Politicians, as we all know, have been lying since the dawn of time. Blair and Bush both knew there were no WMDs in Iraq, Clinton definitely did “have sexual relations with that woman” and Hitler’s Lieutenant Göring probably burned the Riechstag.

Believe it or not, although it’s an easy segue, I’m not just talking about Trump. The list of lies he’s told isn’t getting any shorter, but there’s plenty of alternative facts flying around from elsewhere too. Here’s an example of NBC News apparently doing a bit of “sexing up” of their own; framing George Zimmerman (who shot an unarmed black man) as racially motivated. Later they claimed it was a “mistake” or, as the Washington Post – themselves no strangers to a bit of post-hoc editing – called it, a “screw up“. Come on guys, no-one believes you.

To be honest, I don’t really know what to make of it. On the one hand, the mess we’re in is a great incentive for people like you and me to start taking deep, personal responsibility for what we believe, and what we say about it. On the other, does anyone actually know what’s real anymore? Is anything ‘actually real’?! Even science’s peer review process is apparently corrupt. Are we descending into some kind of relativistic hell where I can not only identify as a cat, but also force people to let me pee in their gardens?

Speaking of which:

Identity Politics

Identity is a complex issue

I feel like in 2014, people knew how to disagree with each other without it getting cringy. Today, though, you only have to mention something like “maybe too much immigration isn’t such a great thing” or “maybe we should treat paedophilia as an illness not a crime” and, depending on who you roll with, all hell breaks loose.

In the wake of #meToo it’s become somehow personal and I now get accused of “speaking from privilege” when I talk about subjects like feminism, gender, race and equality. I get it: In the Global North, white men have occupied positions of power for a long long time. Many aspects of the culture are very difficult for people who are not white, male or straight. But let me put it like this:

The world we’re living in right now is tough for everyone. You think all those white, male CEOs are happy? Tell that to Martin Senn, former boss of Zurich Insurance who shot himself at his family home after leaving a note addressed “to Whom it May Concern”. Or any of the hundreds of others each year who do the same. Yes there are difficulties that affect one group more than another: each group, each person, in fact, has a story.

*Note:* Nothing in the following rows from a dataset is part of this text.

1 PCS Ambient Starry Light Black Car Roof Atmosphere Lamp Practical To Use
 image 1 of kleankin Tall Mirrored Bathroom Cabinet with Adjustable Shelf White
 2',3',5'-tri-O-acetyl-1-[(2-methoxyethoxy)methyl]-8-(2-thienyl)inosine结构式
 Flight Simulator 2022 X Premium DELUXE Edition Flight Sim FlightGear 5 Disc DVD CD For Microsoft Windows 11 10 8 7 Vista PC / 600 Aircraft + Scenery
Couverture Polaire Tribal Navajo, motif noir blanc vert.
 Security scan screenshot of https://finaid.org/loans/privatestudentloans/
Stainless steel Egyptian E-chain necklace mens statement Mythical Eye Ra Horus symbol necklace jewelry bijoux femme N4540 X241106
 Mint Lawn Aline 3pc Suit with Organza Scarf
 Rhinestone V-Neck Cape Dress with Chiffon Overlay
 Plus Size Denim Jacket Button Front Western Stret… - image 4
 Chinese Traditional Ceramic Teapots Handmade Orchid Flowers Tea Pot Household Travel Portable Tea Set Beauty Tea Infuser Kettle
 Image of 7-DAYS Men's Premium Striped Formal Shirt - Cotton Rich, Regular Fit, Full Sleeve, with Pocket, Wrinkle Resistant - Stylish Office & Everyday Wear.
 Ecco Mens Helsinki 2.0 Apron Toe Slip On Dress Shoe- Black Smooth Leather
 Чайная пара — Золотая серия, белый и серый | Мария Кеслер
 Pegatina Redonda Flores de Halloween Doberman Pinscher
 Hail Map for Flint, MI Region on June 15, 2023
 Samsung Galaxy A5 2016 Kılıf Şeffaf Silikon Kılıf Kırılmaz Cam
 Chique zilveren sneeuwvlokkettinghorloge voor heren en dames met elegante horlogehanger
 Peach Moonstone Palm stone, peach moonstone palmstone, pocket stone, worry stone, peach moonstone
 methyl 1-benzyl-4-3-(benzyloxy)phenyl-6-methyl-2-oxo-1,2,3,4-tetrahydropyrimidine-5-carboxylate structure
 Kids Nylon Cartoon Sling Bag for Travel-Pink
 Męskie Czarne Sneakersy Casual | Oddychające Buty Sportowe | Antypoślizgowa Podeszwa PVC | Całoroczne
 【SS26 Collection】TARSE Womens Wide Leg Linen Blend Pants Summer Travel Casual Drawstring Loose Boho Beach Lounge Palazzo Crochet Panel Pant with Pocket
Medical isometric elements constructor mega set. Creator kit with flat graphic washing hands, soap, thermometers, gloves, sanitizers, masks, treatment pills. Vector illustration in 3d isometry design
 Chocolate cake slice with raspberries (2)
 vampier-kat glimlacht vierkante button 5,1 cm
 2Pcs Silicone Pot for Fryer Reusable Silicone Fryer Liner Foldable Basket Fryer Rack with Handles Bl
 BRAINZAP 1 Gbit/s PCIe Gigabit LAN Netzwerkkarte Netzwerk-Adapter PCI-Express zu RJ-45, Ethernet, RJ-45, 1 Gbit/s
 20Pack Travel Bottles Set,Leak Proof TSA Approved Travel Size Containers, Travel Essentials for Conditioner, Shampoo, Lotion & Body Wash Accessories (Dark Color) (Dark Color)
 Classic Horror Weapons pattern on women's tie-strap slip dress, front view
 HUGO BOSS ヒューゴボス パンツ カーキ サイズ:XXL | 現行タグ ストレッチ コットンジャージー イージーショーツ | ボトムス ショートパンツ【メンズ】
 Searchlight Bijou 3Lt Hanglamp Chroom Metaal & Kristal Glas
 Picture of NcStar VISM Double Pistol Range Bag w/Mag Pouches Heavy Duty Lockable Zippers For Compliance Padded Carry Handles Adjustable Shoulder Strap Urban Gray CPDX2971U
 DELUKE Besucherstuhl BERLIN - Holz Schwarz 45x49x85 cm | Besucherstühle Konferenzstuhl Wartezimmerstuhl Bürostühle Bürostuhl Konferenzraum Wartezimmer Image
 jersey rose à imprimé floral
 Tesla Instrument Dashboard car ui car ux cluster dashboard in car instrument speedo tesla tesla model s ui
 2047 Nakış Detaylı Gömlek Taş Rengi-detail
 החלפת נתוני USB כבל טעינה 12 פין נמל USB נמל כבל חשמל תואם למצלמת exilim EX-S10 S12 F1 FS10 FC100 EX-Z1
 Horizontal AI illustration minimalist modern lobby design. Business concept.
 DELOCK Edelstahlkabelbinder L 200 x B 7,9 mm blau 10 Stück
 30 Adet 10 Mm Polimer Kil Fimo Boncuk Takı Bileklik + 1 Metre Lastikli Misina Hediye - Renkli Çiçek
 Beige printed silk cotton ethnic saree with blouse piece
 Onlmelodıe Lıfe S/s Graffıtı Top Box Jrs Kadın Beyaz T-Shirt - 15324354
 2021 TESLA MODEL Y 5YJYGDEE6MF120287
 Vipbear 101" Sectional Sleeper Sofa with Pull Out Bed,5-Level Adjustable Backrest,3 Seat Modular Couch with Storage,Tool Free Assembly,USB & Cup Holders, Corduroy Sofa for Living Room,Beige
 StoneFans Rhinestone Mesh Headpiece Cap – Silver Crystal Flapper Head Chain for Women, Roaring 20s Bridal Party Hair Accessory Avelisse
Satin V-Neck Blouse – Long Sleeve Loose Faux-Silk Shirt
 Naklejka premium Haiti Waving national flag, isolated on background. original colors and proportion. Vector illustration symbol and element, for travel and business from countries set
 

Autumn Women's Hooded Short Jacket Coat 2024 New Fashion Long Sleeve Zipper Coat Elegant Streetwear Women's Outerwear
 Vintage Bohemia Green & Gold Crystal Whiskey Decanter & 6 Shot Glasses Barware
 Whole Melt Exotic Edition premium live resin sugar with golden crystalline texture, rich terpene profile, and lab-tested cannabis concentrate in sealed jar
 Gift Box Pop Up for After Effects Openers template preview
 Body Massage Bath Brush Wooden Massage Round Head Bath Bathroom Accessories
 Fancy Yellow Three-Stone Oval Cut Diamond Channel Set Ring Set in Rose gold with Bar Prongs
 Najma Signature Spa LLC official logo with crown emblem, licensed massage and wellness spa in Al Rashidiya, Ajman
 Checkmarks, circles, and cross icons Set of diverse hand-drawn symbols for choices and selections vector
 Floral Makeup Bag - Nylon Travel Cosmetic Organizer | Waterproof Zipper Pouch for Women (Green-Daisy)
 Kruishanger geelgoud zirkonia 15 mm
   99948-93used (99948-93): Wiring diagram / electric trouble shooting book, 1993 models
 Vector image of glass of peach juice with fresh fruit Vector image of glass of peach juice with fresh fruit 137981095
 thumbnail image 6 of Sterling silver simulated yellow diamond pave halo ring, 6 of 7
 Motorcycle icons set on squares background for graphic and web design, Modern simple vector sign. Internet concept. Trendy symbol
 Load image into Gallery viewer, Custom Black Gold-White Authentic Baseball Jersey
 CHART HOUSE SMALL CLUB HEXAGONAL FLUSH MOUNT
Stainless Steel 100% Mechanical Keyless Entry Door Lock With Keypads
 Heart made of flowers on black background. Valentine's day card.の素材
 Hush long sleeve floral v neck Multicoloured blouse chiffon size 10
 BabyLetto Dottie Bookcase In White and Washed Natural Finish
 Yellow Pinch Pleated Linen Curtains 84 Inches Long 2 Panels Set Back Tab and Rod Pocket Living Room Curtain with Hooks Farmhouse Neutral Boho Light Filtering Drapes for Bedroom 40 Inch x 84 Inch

To all the people out there already formulating objections, let me ask you a question: Are you saying that certain groups of people have it worse than others? If yes, how do you know that it’s worse for your chosen group(s)?

I can’t put it better than Georgia Democrat and 2020 Vice-Presidential hopeful Stacey Abrams when she says:

…what we often refer to as “identity politics” simply acknowledges that people who do not share that ‘normative’ identity of white maleness have entered the political fray and have brought with them the complexity of their experiences…

I’m a straight woman who believes in the identity politics of the LGBTQ community because they have different experiences than I do… my responsibility is to say “I understand the constraints that you face…”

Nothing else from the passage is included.